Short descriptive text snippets
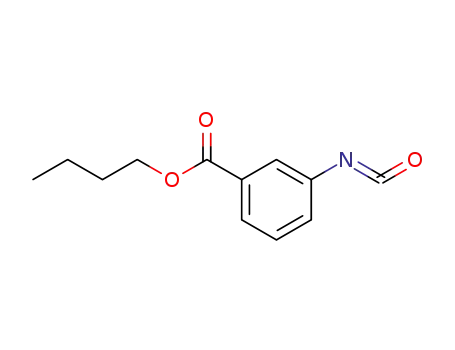 Molecular Structure of 59265-88-2 (Benzoic acid, 3-isocyanato-, butyl ester)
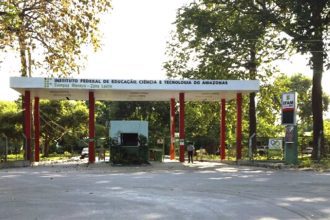 Entrada do Instituto Federal de Educação, Ciência e Tecnologia do Amazonas (IFAM) - Campus Manaus - Zona Leste.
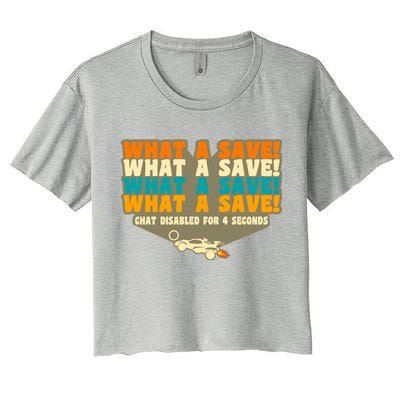 What A Save Rocket Soccer Women's Crop Top Tee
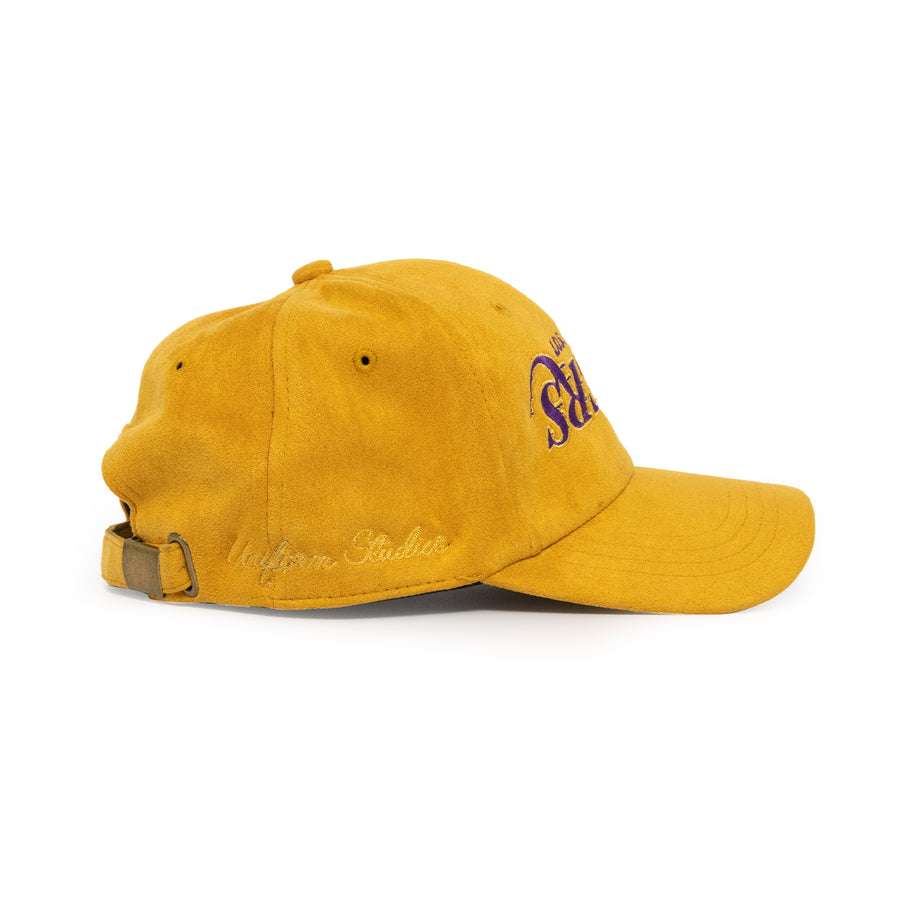 Lakers Suede Strapback (Mustard)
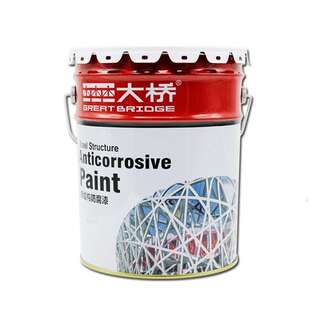 工厂 大桥牌铁红防锈漆 金属钢结构铁红中灰红丹防锈底漆涂料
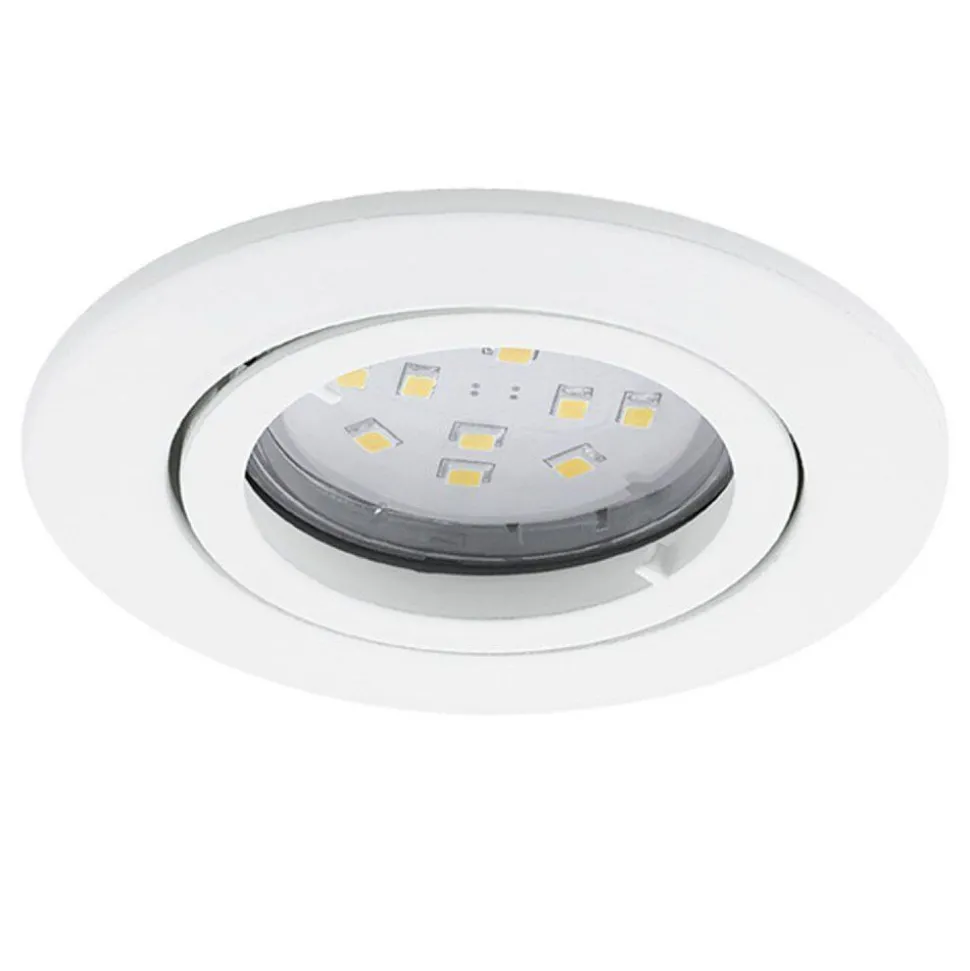 Lampe A Encastrer Eglo Tedo Blanc, 1 Lumiere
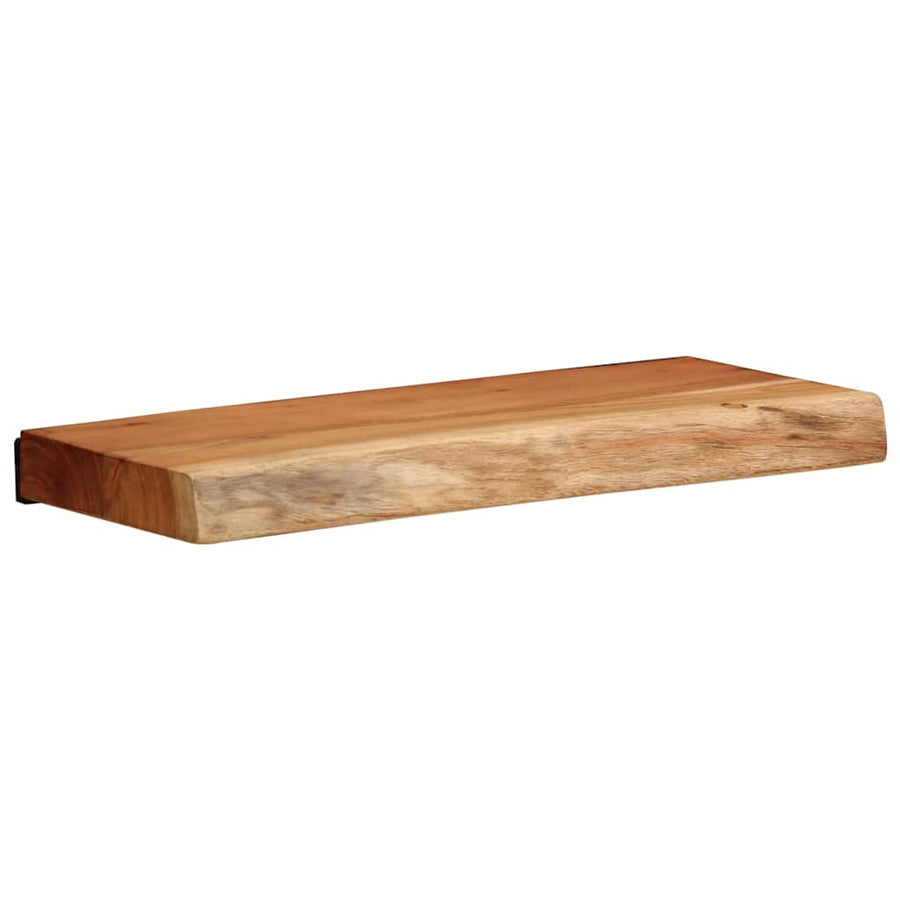 Wandschappen 2 st 40x20x3,5 cm massief acaciahout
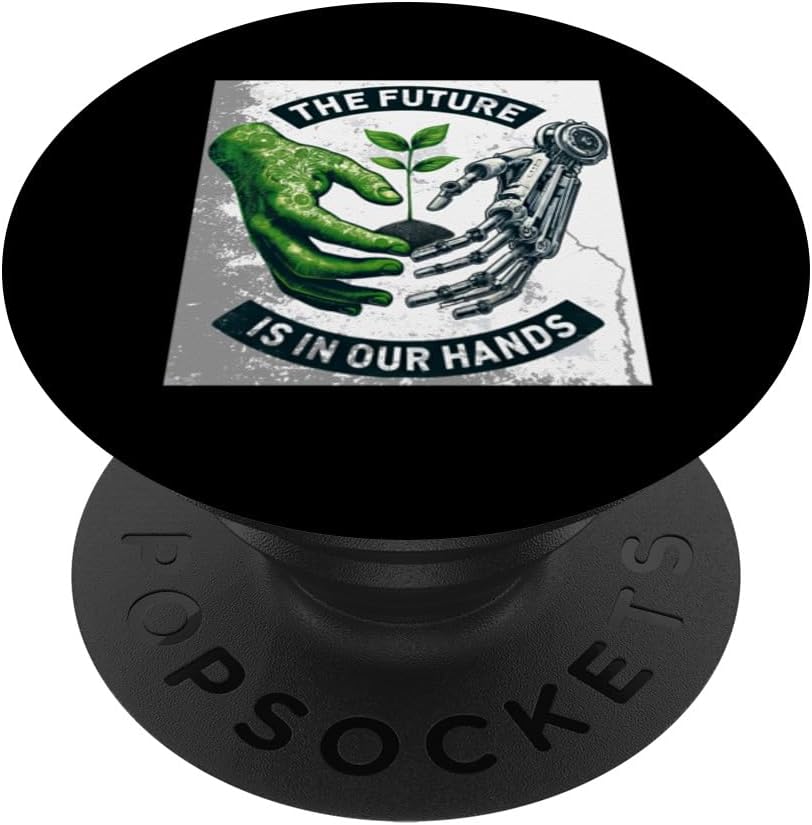 Eco Futurism Robotics PopSockets Standard PopGrip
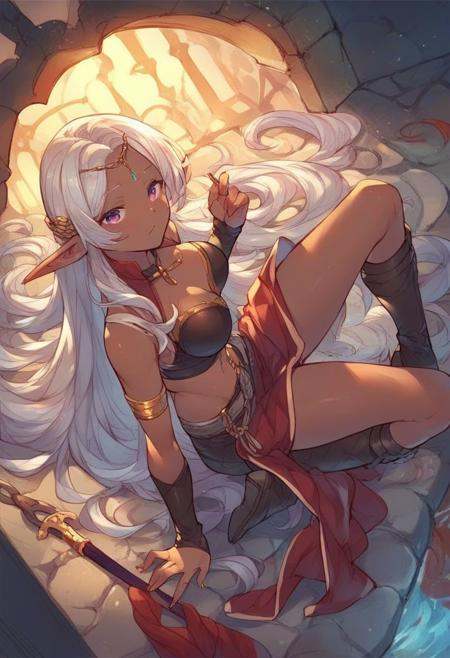 gb_style,  exploring the dungeon,  female on Tensor.Art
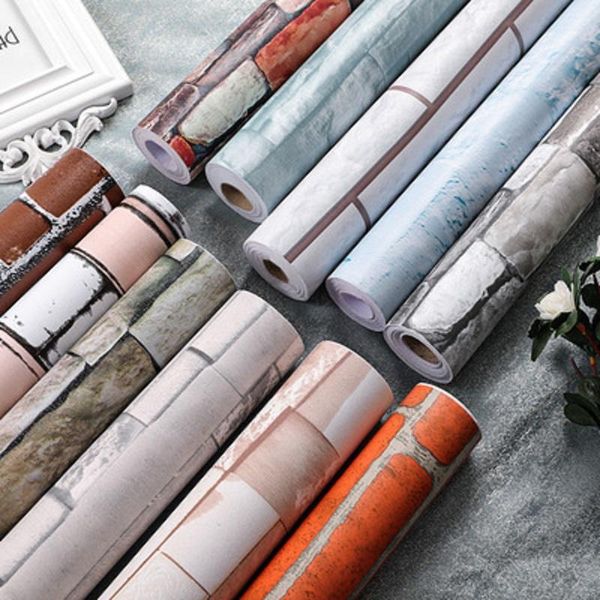 wholesale pvc self-adhesive removable retro thickened wallpapers bedroom dormitory wall furniture renovation stickers
wholesale pvc self-adhesive removable retro thickened wallpapers bedroom dormitory wall furniture renovation stickers
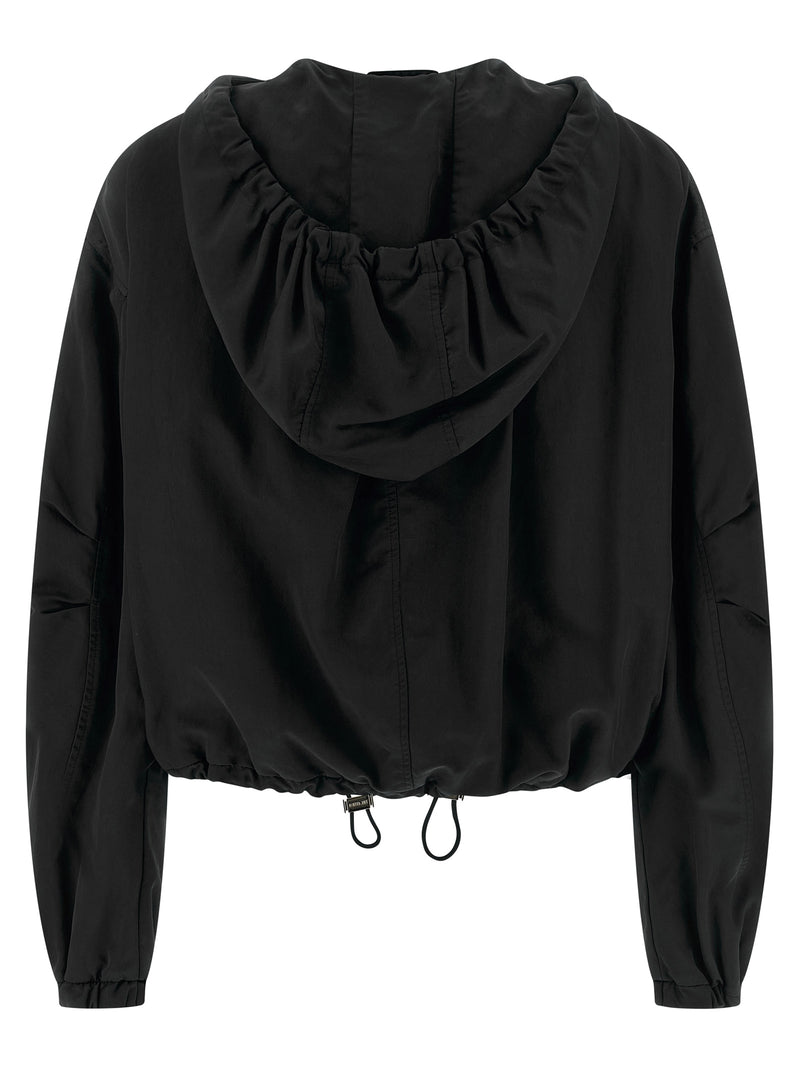 Le bomber Attico en polyester noir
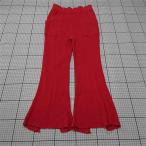 * ⊇ Ray Beams Ray BEAMS хлопок flare pants оттенок красного женский размер 0 E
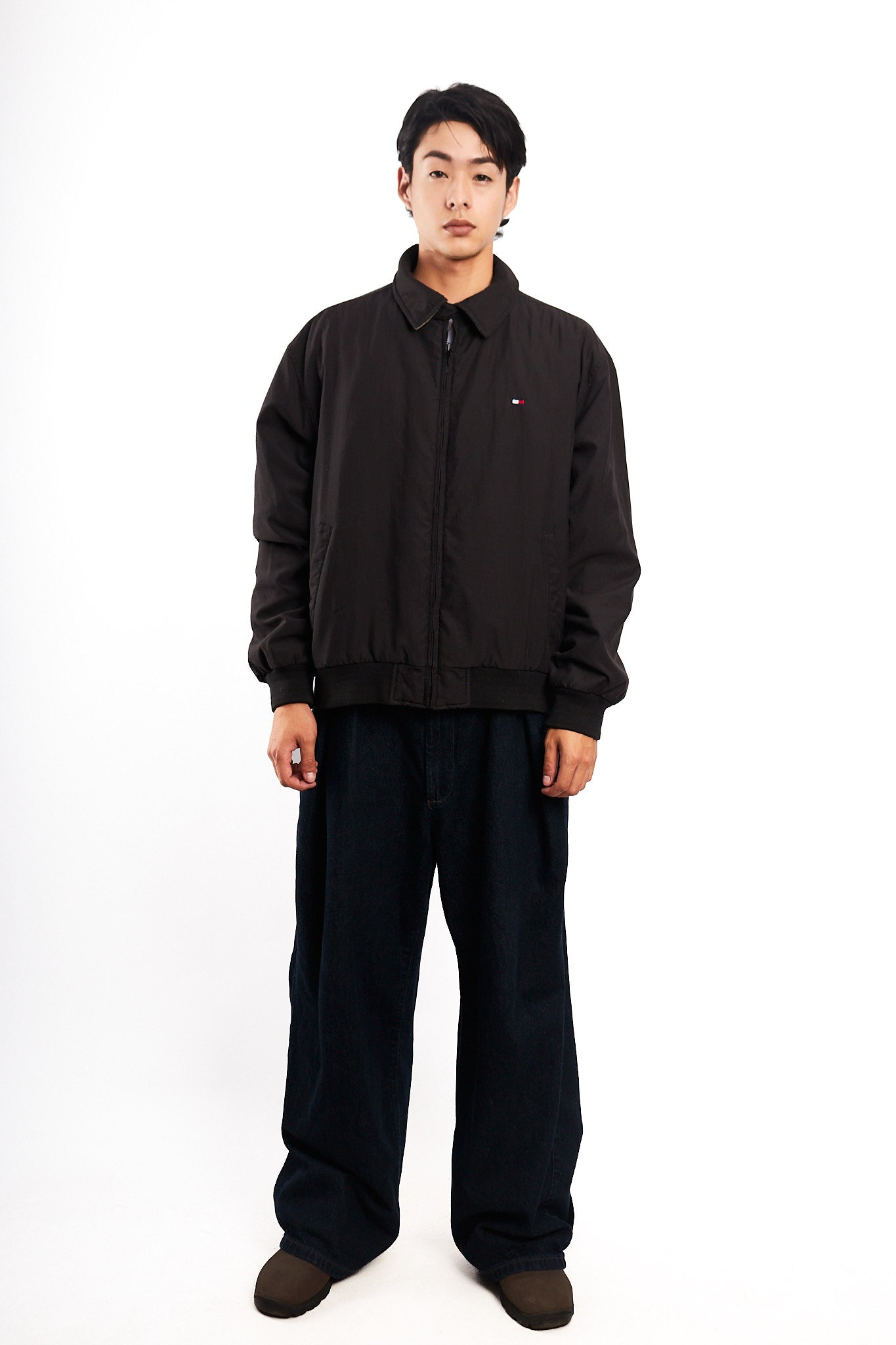 2000 Vintage Tommy Hilfiger Black Harrington (M/L)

▶ _Exercise description_:
Could you please write out the entries exactly as they are, with every picture left out?

▶ _Task result_:
 Molecular Structure of 59265-88-2 (Benzoic acid, 3-isocyanato-, butyl ester)
 Entrada do Instituto Federal de Educação, Ciência e Tecnologia do Amazonas (IFAM) - Campus Manaus - Zona Leste.
 What A Save Rocket Soccer Women's Crop Top Tee
 Lakers Suede Strapback (Mustard)
 工厂 大桥牌铁红防锈漆 金属钢结构铁红中灰红丹防锈底漆涂料
 Lampe A Encastrer Eglo Tedo Blanc, 1 Lumiere
 Wandschappen 2 st 40x20x3,5 cm massief acaciahout
 Eco Futurism Robotics PopSockets Standard PopGrip
 gb_style,  exploring the dungeon,  female on Tensor.Art
 wholesale pvc self-adhesive removable retro thickened wallpapers bedroom dormitory wall furniture renovation stickers
wholesale pvc self-adhesive removable retro thickened wallpapers bedroom dormitory wall furniture renovation stickers
 Le bomber Attico en polyester noir
 * ⊇ Ray Beams Ray BEAMS хлопок flare pants оттенок красного женский размер 0 E
 2000 Vintage Tommy Hilfiger Black Harrington (M/L)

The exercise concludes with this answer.